In phosphate, US producer solid fertilizer sales to US customers declined 27 percent compared to the second quarter of 2008. For the fertilizer year, sales declined 38 percent and application rates were down approximately 30 percent. With strong demand from India and renewed interest in Brazil near the end of the quarter, offshore sales from US producers rose 30 percent compared to the same quarter last year.
In nitrogen, US sales volumes and prices declined as a result of weak industrial demand and liquidation of inventory by customers. Low natural gas costs made US producers more competitive with their global counterparts, resulting in reduced imports.
Potash
Potash generated gross margin of $106.2 million in the second quarter versus $886.4 million in the same period last year. This decline reflected an 86 percent drop in sales volumes, as shipments fell to 0.4 million tonnes from 2.7 million tonnes in the second quarter of 2008.
Despite limited product movement, our average realized potash price for the quarter was 15 percent higher than second-quarter 2008 levels, but 11 percent below the previous quarter. Offshore realized prices were below those of the trailing quarter as market pricing recalibrated to lower levels.
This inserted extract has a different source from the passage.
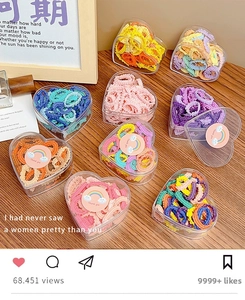 Macro detail of colorful elastic hair bands in a transparent heart-shaped box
Prices of most product shipped by PotashCorp to Canpotex Limited (the offshore marketing company for Saskatchewan potash producers) in the latter half of the quarter was adjusted to levels commensurate with those recently established in the offshore market. Offshore realized prices for the quarter were also affected by the allocation of transportation and distribution fixed costs over fewer sales tonnes. As in the first quarter of 2009, North American realized prices were affected by the above- normal proportion of industrial volumes relative to fertilizer.
In keeping with our long-held strategy of matching production to market demand, we took 50 shutdown weeks across our potash operations in the second quarter, compared with two weeks taken in the same period last year. As a result, total potash production of 0.6 million tonnes was 73 percent less than in second-quarter 2008. In the first half of the year, we took 89 shutdown weeks, reducing our 2009 production potential by nearly 5 million tonnes. Potash per- tonne cost of goods sold in the quarter was significantly higher quarter over quarter, primarily due to the allocation of fixed costs over greatly reduced volumes.
Phosphate
Second-quarter phosphate gross margin of $20.5 million was 94 percent lower than the $340.9 million generated in the same quarter last year, due mainly to considerably lower prices for fertilizer and feed products, plus weak volumes across all product categories. Strong margin performance from our industrial phosphate business - where we capitalize on product diversification made possible by high- quality, lower-cost phosphate rock from our Aurora mine - generated $41.0 million in gross margin and partially offset weakness in fertilizer and feed margins.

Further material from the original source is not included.